_MATERIAL SHOWN:_

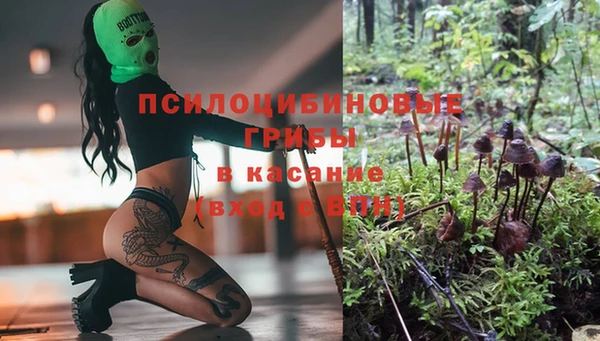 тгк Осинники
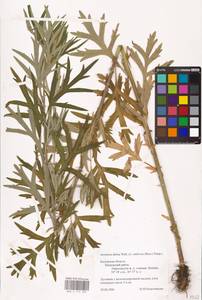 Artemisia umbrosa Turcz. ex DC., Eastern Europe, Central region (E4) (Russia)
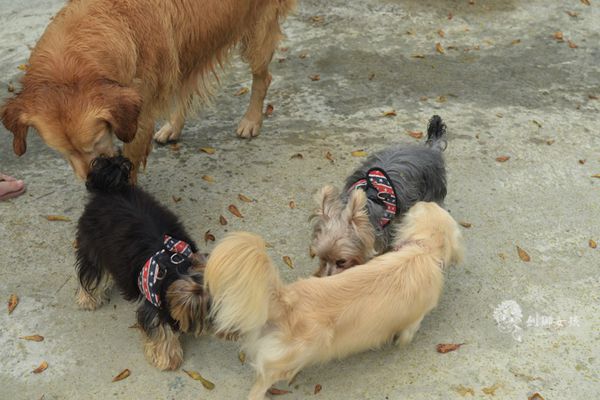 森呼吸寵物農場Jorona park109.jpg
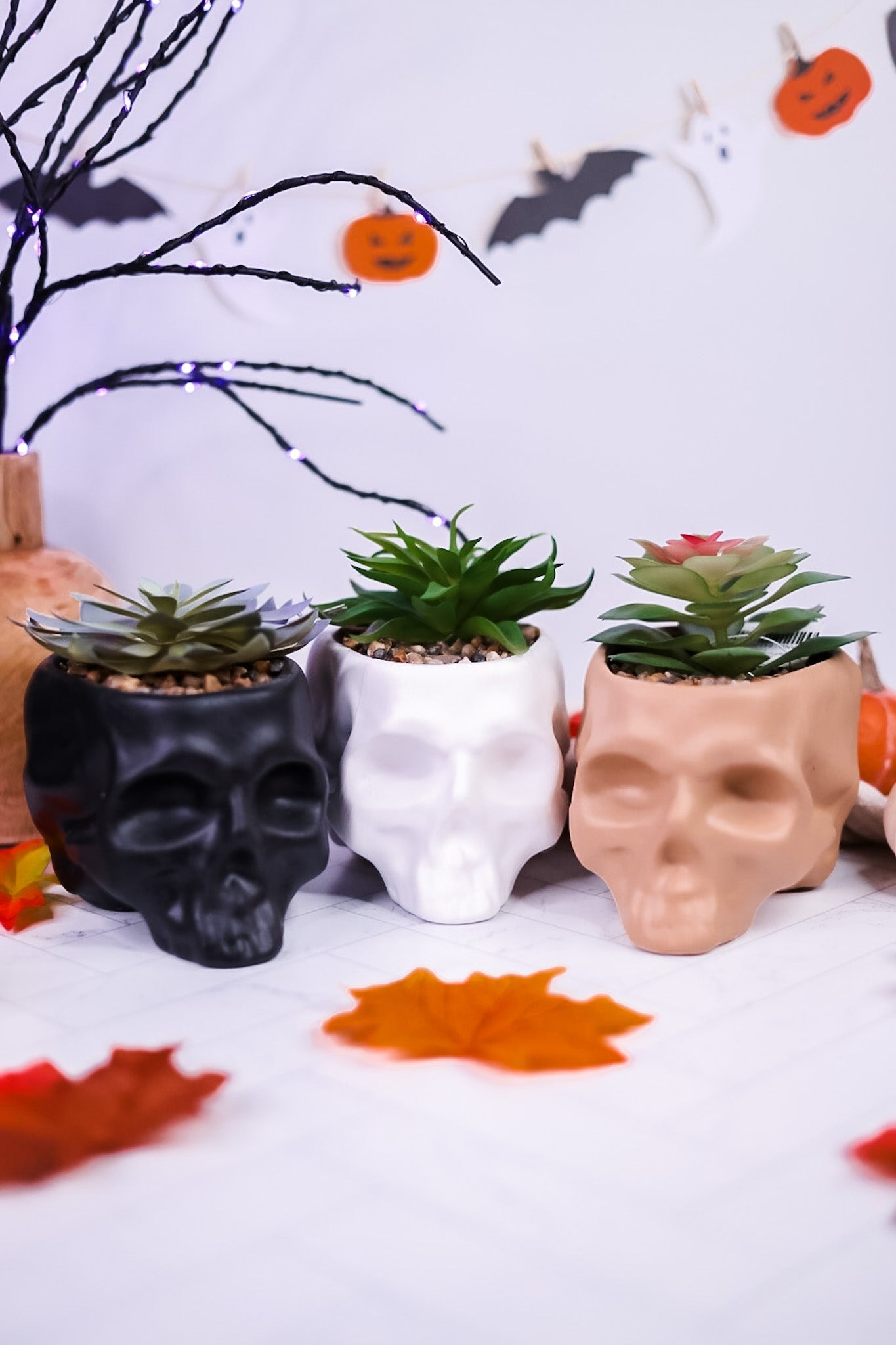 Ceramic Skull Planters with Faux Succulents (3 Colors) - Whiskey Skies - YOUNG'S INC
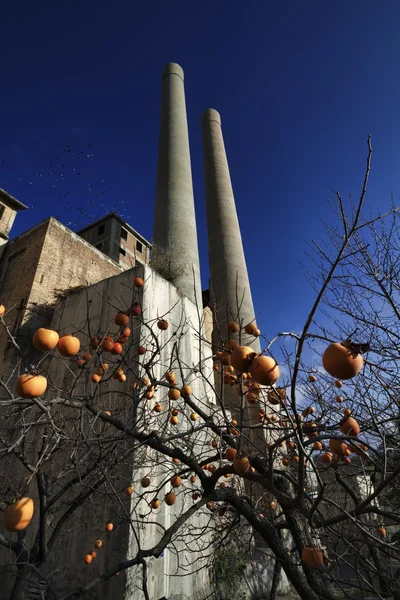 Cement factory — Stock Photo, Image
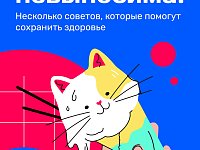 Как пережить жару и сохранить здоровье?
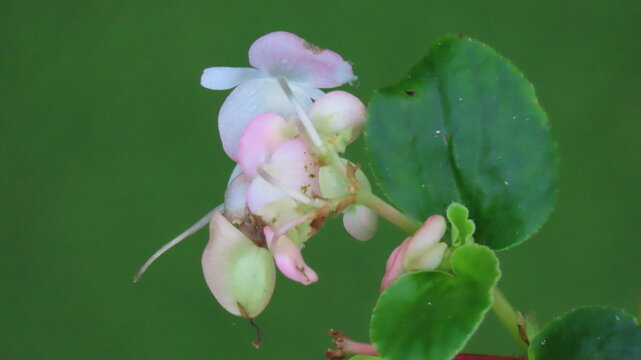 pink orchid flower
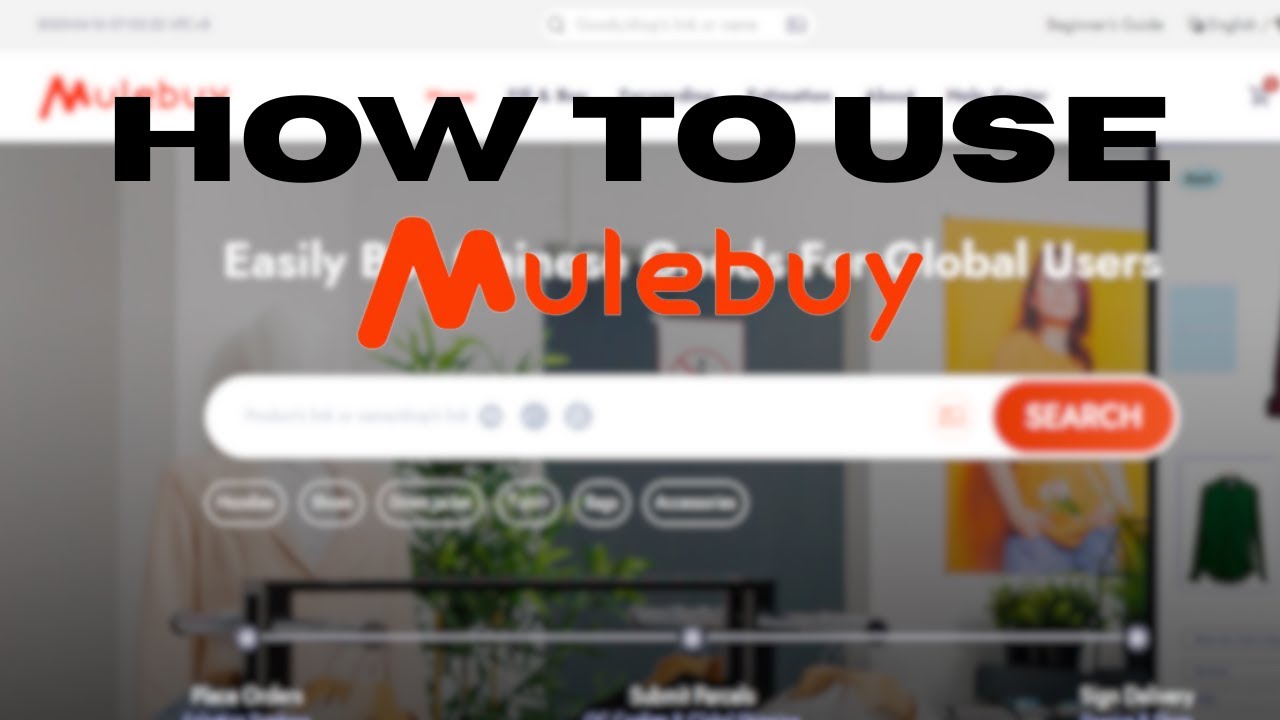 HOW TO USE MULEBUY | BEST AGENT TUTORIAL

_TASK TO COMPLETE:_ What is needed is a word-for-word restatement of the lines from the one holding "Ceramic Skull Planters" to the final line of the data above, inclusive, without any pictures.

_OUTPUT FOR THIS EXERCISE:_
 Ceramic Skull Planters with Faux Succulents (3 Colors) - Whiskey Skies - YOUNG'S INC
 Cement factory — Stock Photo, Image
 Как пережить жару и сохранить здоровье?
 pink orchid flower
 HOW TO USE MULEBUY | BEST AGENT TUTORIAL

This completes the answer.